Sir Patrick Henry Bligh Wall, (14 October 1916 – 15 May 1998) was a British commando in the Royal Marines during the Second World War and later a Conservative Party politician. He was the Member of Parliament (MP) for Haltemprice in the East Riding of Yorkshire and subsequently for Beverley, over a period spanning 33 years. He was a leading figure in the Conservative Monday Club, and a parliamentary consultant to the Western Goals Institute. In the last decade of his life, he was President of the British UFO Research Association (BUFORA).
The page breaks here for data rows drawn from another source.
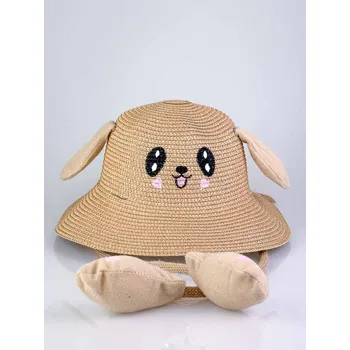 Klobouk Roztomilý dětský hnědý klobouk G-18 s hravými oušky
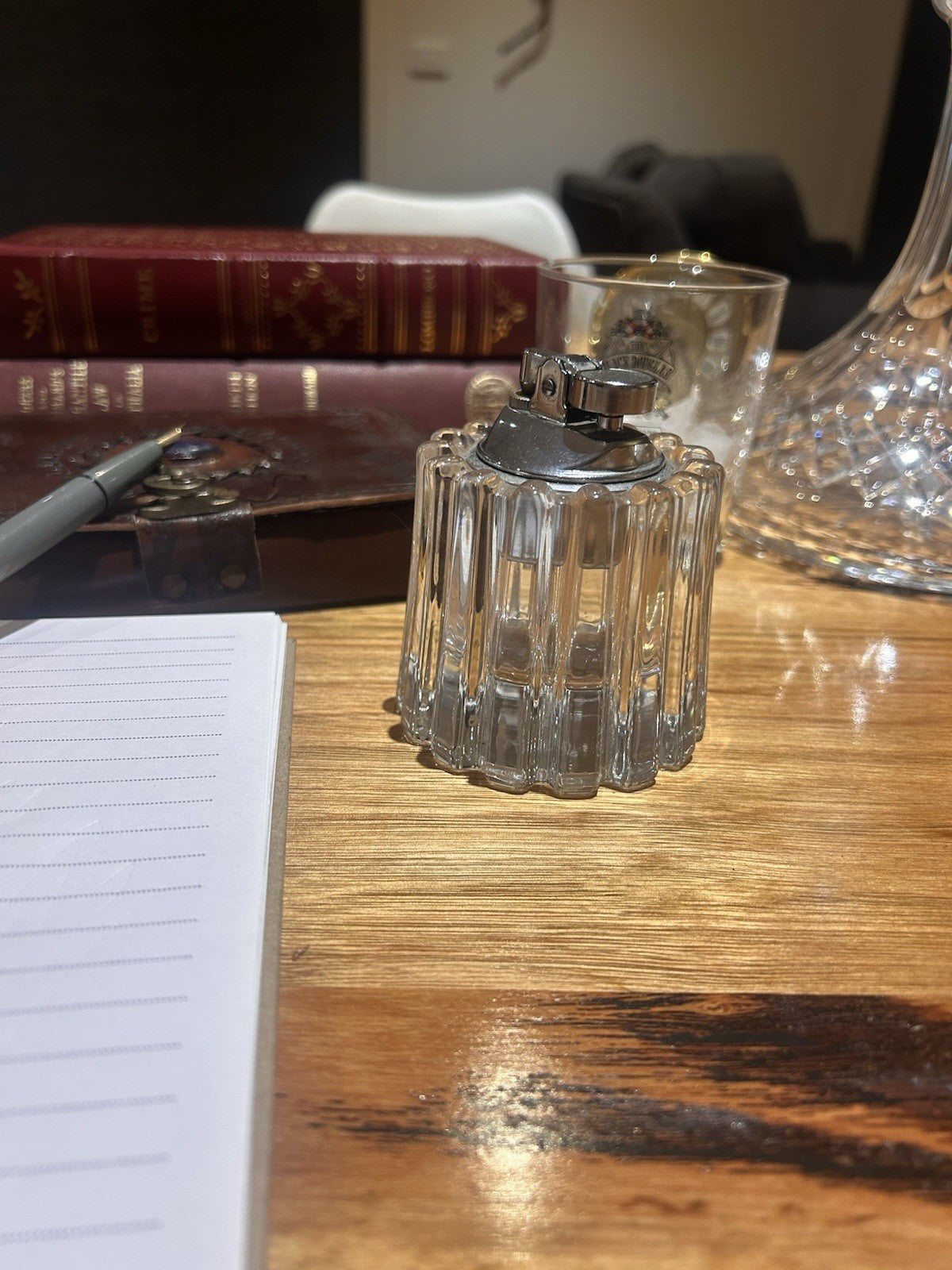 Vintage Koei Unicon Japan Glass Table Lighter Retro Desk Lighter - UNTESTED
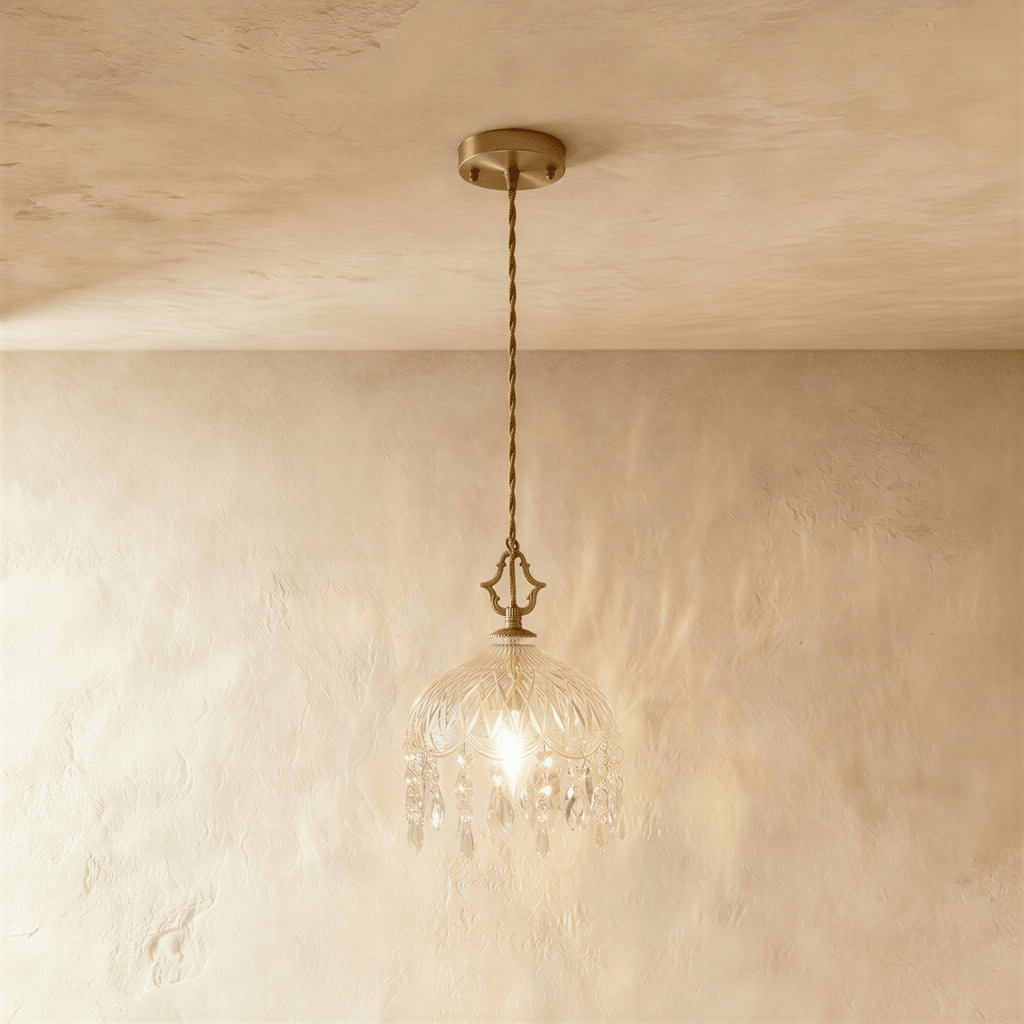 Clérachic pendant lamp with a cut-glass dome, crystal drops and a gold canopy on a twisted cord, lit warm.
==Education and military career==
The son of Henry Benedict Wall, Patrick Wall was educated at Downside School. He was commissioned into the Royal Marines in 1935 and qualified as a naval gunnery instructor. During the Second World War, he served onboard Iron Duke, Valiant, and Malaya, followed by a spell at HMS Turtle, the landing craft base. In 1945, he was patrol officer and second-in-command 48 Commando RM in the British Army on the Rhine, where he was wounded. Wall's exploits in action drew the highest commendation: "An outstanding character whose industry and devotion to duty are beyond praise. He is a very devout man, and draws real inspiration from his Roman Catholic religion. In battle and behind the line, he is an example of energy and the aggressive spirit. His aim appears to be to do as much as possible", stated his report.

He was awarded the Military Cross in the North-West Europe campaign, and was awarded the US Legion of Merit the same year, for his services during the invasion operations in northern Italy and the south of France. He taught at the Royal Naval College, Greenwich in 1946, and the Joint Services Staff College from 1947 to 1948. He spent a further two years on the staff of the Commandant-General, RM. He was promoted to the rank of major in 1949, and decided to leave the Royal Marines the following year in order to enter politics.

He continued his naval connection as Commander of 47 Commando Royal Marines Voluntary Reserve from 1951 to 1957, and from 1950 to 1966, was Commissioner of the Sea Scouts for London.

In 1953, Wall married Sheila Elizabeth, daughter of James Putnam, of Broadstone, Dorset.

==Political career==
Wall was a councillor on the City of Westminster Council from 1953 to 1963. In the 1951 General Election and a subsequent by-election in 1952, he stood unsuccessfully for the parliamentary seat of Cleveland, Yorkshire. He was later elected Conservative Party Member of Parliament for Haltemprice 1954–1983, and for Beverley, Yorkshire 1983–1987. He was Parliamentary Private Secretary to the Minister of Agriculture, Fisheries and Food 1955–57, and to the Chancellor of the Exchequer 1958–59. He was UK delegate to the United Nations General Assembly in 1962, Vice-Chairman of the Parliamentary Select Committee on Defence 1965–1977, Chairman of the British-South Africa Parliamentary Group 1970–1987, on the British-Portuguese Parliamentary Group 1979–1987, and leader of the British delegation to the North Atlantic Assembly 1979–1987, of which he was president, 1983–1985.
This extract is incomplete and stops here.